Example: Kafka to Trino with Keycloak

apiVersion: dataflow.dataflow.io/v1
kind: DataFlow
metadata:
  name: kafka-to-trino
spec:
  source:
    type: kafka
    config:
      brokers:
        - kafka:9092
      topic: input-topic
      consumerGroup: dataflow-group
  sink:
    type: trino
    config:
      serverURL: "http://trino:8080"
      catalog: hive
      schema: default
      table: output_table
      batchSize: 100
      keycloak:
        # Use long-lived token obtained from Keycloak
        token: "eyJhbGciOiJSUzI1NiIsInR5cCI6IkpXVCJ9..."

        # Alternative: Use OAuth2 flow
        # serverURL: "https://keycloak.example.com"
        # realm: myrealm
        # clientID: trino-client
        # clientSecret: client-secret
        # username: trino-user
        # password: trino-password

Nessie

The Nessie connector reads from and writes to Apache Iceberg tables via the Nessie catalog (Iceberg REST API).
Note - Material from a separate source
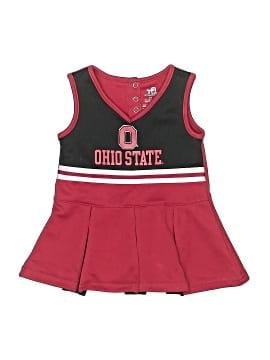 Team Athletics Dress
All operations are performed in the context of a Nessie branch; metadata and data are managed by the catalog.

Nessie Core API vs Iceberg REST

  • Nessie Core API (/api/v1, /api/v2) manages repository metadata: references, commits, and content entries.
  • Iceberg REST catalog API ({baseURL}/iceberg[/{branch}][|{warehouse}]) is used by DataFlow for table reads and writes.
  • Physical table files are stored in the configured warehouse/object storage (for example S3-compatible storage), while Nessie tracks catalog metadata and versioned pointers.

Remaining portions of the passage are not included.